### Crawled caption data
********
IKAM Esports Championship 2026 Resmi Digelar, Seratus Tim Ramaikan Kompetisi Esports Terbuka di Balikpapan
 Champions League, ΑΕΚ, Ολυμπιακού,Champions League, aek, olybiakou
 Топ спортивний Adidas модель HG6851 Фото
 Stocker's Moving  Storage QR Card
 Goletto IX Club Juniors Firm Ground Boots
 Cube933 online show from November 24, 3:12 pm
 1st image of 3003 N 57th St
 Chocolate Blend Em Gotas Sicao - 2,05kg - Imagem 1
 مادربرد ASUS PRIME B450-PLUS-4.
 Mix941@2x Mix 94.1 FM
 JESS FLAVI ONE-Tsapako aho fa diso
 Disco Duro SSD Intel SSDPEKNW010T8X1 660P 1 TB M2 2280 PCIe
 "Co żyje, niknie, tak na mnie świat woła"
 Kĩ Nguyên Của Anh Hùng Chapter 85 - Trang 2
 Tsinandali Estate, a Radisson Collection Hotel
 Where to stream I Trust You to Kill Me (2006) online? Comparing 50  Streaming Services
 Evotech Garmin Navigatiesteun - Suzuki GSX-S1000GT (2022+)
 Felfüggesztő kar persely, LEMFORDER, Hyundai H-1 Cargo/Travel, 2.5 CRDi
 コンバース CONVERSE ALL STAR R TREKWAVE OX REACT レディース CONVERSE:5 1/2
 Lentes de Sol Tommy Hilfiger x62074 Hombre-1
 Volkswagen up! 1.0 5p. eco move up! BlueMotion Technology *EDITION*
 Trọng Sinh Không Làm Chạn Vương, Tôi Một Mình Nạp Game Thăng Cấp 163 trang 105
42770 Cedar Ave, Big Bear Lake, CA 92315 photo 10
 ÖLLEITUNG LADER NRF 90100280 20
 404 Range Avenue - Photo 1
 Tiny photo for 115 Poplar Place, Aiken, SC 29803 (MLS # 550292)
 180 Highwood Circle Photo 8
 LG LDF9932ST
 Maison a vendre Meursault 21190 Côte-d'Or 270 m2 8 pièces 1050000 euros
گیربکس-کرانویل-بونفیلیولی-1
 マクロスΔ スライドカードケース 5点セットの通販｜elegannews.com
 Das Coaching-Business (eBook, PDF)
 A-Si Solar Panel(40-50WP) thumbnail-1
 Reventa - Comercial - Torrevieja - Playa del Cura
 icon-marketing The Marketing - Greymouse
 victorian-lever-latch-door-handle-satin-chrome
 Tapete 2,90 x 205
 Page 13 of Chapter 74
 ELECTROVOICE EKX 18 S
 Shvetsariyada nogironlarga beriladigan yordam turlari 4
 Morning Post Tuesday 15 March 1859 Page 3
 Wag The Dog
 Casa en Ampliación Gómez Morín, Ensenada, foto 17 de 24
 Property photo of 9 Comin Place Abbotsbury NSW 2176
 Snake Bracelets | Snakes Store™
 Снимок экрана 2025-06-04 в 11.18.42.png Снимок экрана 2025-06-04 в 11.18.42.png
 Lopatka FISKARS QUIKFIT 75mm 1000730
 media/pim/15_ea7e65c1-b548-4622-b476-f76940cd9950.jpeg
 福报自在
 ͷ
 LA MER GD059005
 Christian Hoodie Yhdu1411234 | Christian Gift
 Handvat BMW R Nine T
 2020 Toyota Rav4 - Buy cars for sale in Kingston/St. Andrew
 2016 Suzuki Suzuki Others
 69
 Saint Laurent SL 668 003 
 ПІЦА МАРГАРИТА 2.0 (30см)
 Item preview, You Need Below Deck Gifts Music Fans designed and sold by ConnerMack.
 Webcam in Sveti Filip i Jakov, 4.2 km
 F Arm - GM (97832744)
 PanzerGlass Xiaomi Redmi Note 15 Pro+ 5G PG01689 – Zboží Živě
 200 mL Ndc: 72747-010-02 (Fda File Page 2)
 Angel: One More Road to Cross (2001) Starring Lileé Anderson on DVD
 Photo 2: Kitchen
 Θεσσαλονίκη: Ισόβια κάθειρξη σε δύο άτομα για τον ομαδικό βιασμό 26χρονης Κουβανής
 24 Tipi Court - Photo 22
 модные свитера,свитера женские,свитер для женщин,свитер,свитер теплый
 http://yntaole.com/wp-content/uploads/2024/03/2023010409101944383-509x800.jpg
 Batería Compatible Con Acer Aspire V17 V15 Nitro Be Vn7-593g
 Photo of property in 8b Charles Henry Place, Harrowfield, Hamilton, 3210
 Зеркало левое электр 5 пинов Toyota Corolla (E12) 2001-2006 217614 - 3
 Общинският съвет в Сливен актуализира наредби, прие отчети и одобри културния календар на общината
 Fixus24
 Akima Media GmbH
********
Return each line of the data where the word "Page" appears.

### OUTPUT OF THE EXERCISE
 Page 13 of Chapter 74
 Morning Post Tuesday 15 March 1859 Page 3
 200 mL Ndc: 72747-010-02 (Fda File Page 2)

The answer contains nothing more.